• WHAT YOU NEED TO DO:
Pictures are to be dropped. Everything else in the listing gets copied exactly.

:: DATA PROVIDED

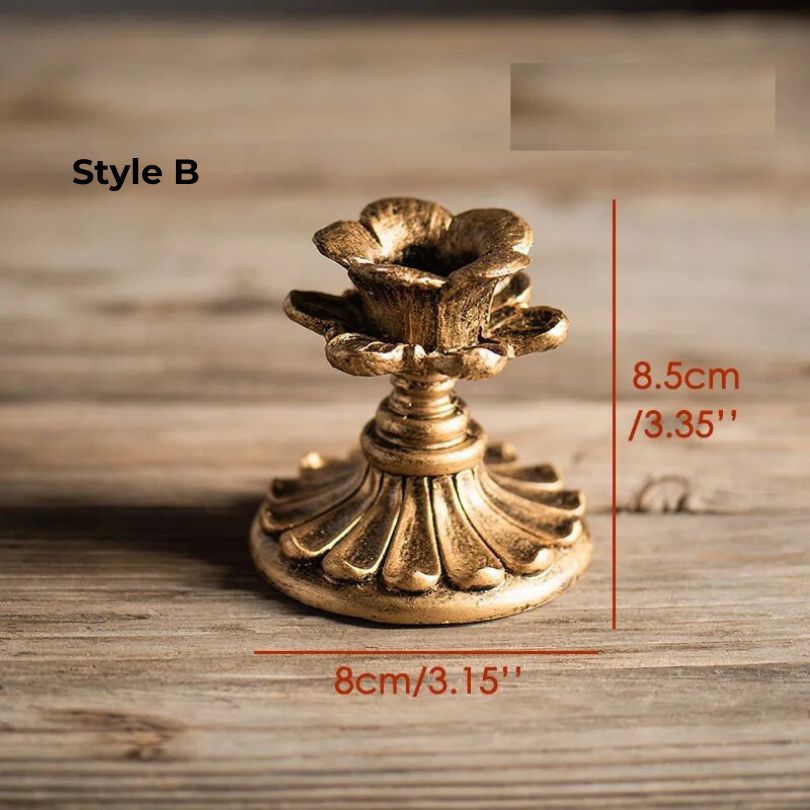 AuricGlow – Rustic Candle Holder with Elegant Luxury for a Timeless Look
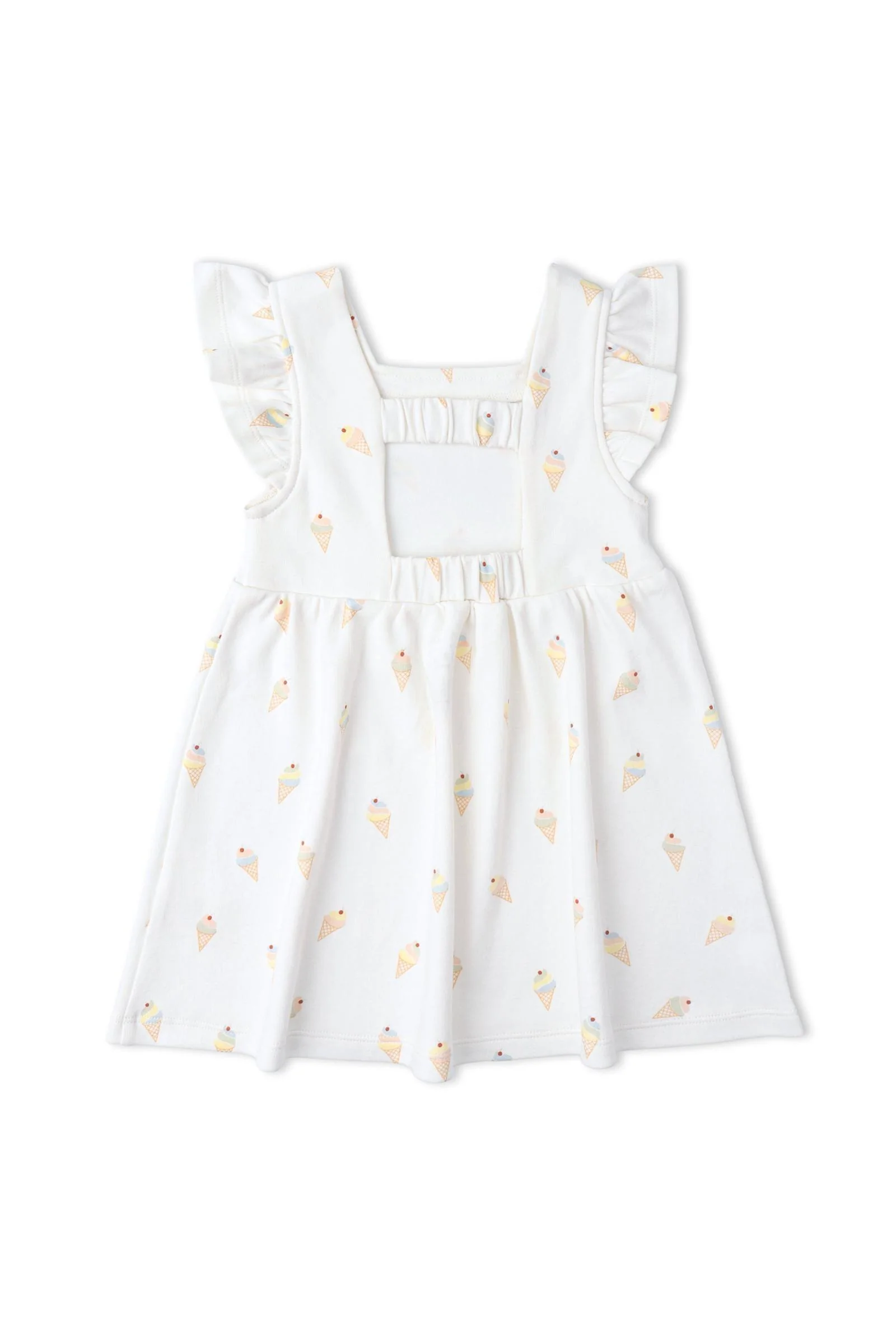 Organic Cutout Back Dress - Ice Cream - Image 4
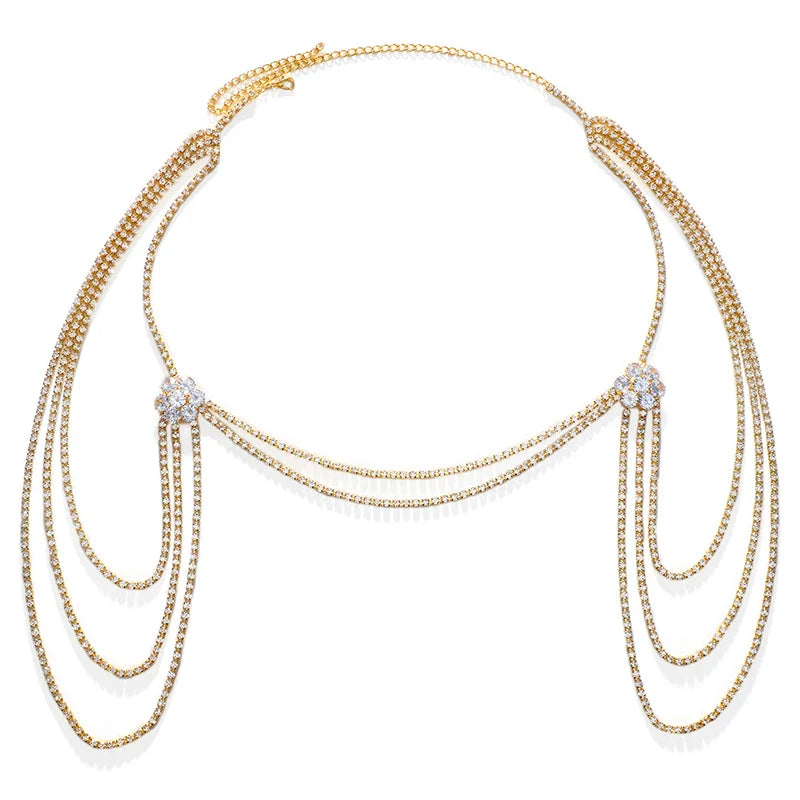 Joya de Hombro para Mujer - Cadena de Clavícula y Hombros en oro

::::

• RESPONSE AREA:
 AuricGlow – Rustic Candle Holder with Elegant Luxury for a Timeless Look
 Organic Cutout Back Dress - Ice Cream - Image 4
 Joya de Hombro para Mujer - Cadena de Clavícula y Hombros en oro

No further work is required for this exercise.